In einer Gemeinde in unserer Nähe gibt es einen großen Supermarkt, bei dem wir an die 30 Jahre eingekauft haben. Dabei war ein Phänomen zu beachten, das Freud vielleicht der Psychopathologie des Alltagslebens zugerechnet hätte. In mehr oder weniger regelmäßigen Abständen wird nämlich die gesamte Anordnung von Regalen und Abteilungen innerhalb des Marktes auf den Kopf gestellt. Kein Stein bleibt auf dem anderen. Dieser Umbau zieht sich über Wochen und Monate hin und wird von vollmundigen Versprechungen der Werbeabteilung begleitet: „Noch schöner, noch größer, noch kundenfreundlicher!“
Wenn man dann nach langer Leidenszeit das Ergebnis betrachtet, glaubt man sich zum Narren gehalten. Es wurde nämlich gar nichts verändert – und kundenfreundlich war man schon gar nicht. Nein, man hat einfach die Abteilungen ausgetauscht. Wo früher die Gemüseabteilung war, ist jetzt also die Tiefkühlkost, die Kleidung ist von der Peripherie in die Mitte gerückt, die Gänge verlaufen jetzt quer statt längs usw.
Na bravo.
Die Kunden irren hilflos und mit suchendem Blick durch die Gänge.
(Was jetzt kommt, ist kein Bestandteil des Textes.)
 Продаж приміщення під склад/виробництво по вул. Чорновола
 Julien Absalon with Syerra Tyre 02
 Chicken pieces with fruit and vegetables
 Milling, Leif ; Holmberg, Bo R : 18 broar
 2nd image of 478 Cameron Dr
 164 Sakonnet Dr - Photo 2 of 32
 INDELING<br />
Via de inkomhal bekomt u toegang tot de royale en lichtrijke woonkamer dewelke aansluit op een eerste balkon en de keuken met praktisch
Nichts steht mehr am alten, gewohnten Platz. Manche sind der Verzweiflung nah. Man braucht Wochen und Monate, bis man sich wieder einigermaßen zurechtfindet.
Dieser Drang, alle paar Jahre die Waren von A nach B und dann wieder von B nach A zu schieben, ohne Grund, ohne Sinn und Verstand, und gegen den Willen der eigenen Kunden, müßte einmal psychopathologisch untersucht werden.